DATA PROVIDED:
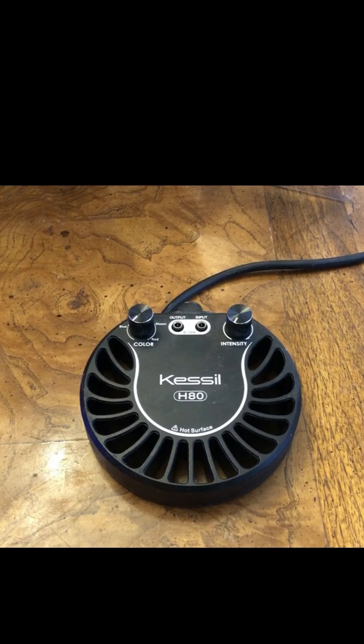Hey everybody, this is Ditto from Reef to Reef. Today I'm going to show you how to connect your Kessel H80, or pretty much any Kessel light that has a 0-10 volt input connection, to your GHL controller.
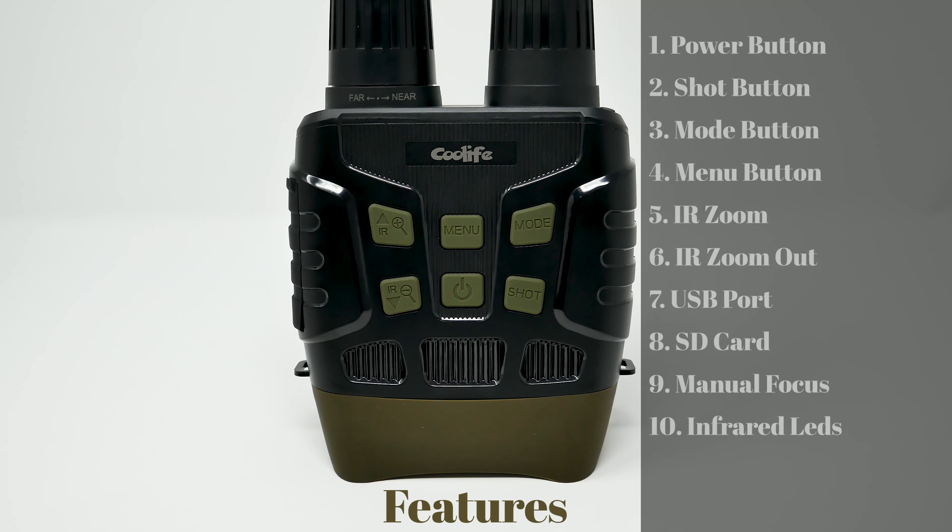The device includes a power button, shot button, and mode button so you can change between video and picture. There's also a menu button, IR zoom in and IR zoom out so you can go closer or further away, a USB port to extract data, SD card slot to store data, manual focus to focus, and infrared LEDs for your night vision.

...

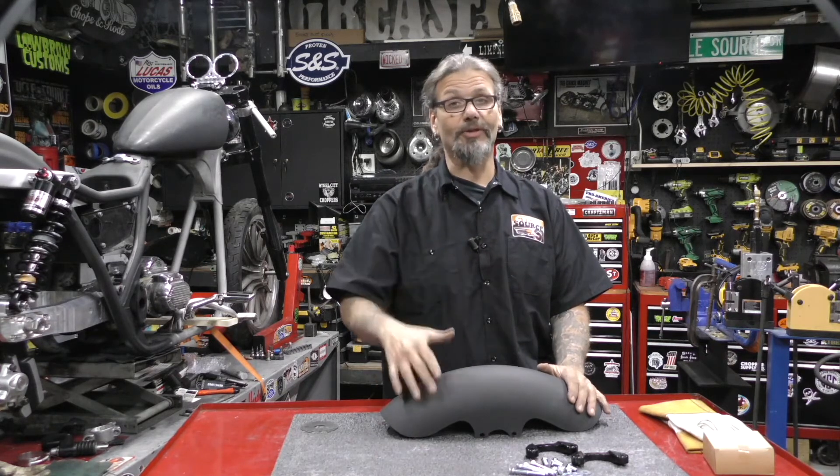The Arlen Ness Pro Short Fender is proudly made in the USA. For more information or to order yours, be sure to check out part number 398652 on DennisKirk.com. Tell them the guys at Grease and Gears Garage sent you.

YOUR TASK: Output only the stretch above from the line with "Hey everybody, this" through the line with "The device includes", reproduced exactly. Exclude pictures.

PROBLEM SOLUTION:
Hey everybody, this is Ditto from Reef to Reef. Today I'm going to show you how to connect your Kessel H80, or pretty much any Kessel light that has a 0-10 volt input connection, to your GHL controller.
The device includes a power button, shot button, and mode button so you can change between video and picture. There's also a menu button, IR zoom in and IR zoom out so you can go closer or further away, a USB port to extract data, SD card slot to store data, manual focus to focus, and infrared LEDs for your night vision.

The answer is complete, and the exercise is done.